Data – not sexy but crucial to changing our future fortunes.
It is no surprise to anyone working in the construction industry that we don’t apply the data we have in an effective way. We are notoriously opaque in how we operate, driven by commercial sensitivities or a short term task-focused mind-set without seeing the bigger picture.
There is much discussion and stargazing about digital transformation, with the headline-grabbing articles on Terminator-style robots taking over jobs; or the Internet of Things helping assets to communicate. Actually, the bigger prize is getting the basics right – unleashing the power of the data we already hold in little silos close to our chests for fear of the impact sharing it might have.
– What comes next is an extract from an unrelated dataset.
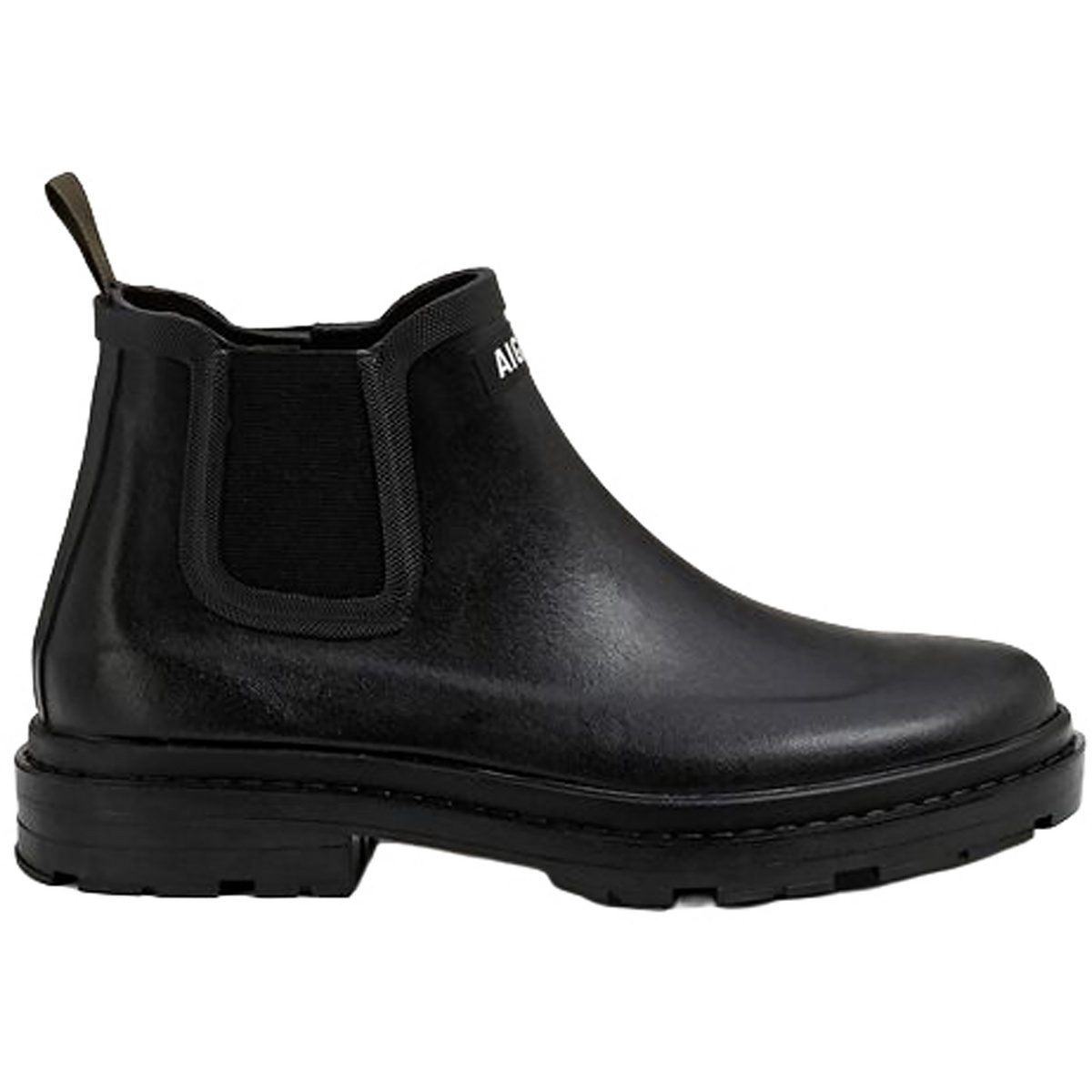 Aigle Chelsea Rain Gummistiefel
Take decision making at corporate board level. Imagine a dashboard which clearly and consistently sets out risk profiles across the portfolio and automatically highlights areas for action, removing the human factor of embarrassment at reporting poor performance.
At present we do not even have a consistent terminology for risks, a standard way to measure them or visibility of where they sit across a project we are involved in. Do we hold it or does the client? It is unsurprising then that construction is seen as risky business, where margins are low and companies fail. We are working in the dark.
A lot of the culture we have in today’s construction industry can be traced back to this lack of visibility; the endless “reviews” and “reports” picking apart the problems are only an indication of our inability to share and use data. If we had a standard way to measure productivity that was valued by the politicians all the way through the business models to the furthest reaches of the supply chain, we would all know where we stand and what was good or not.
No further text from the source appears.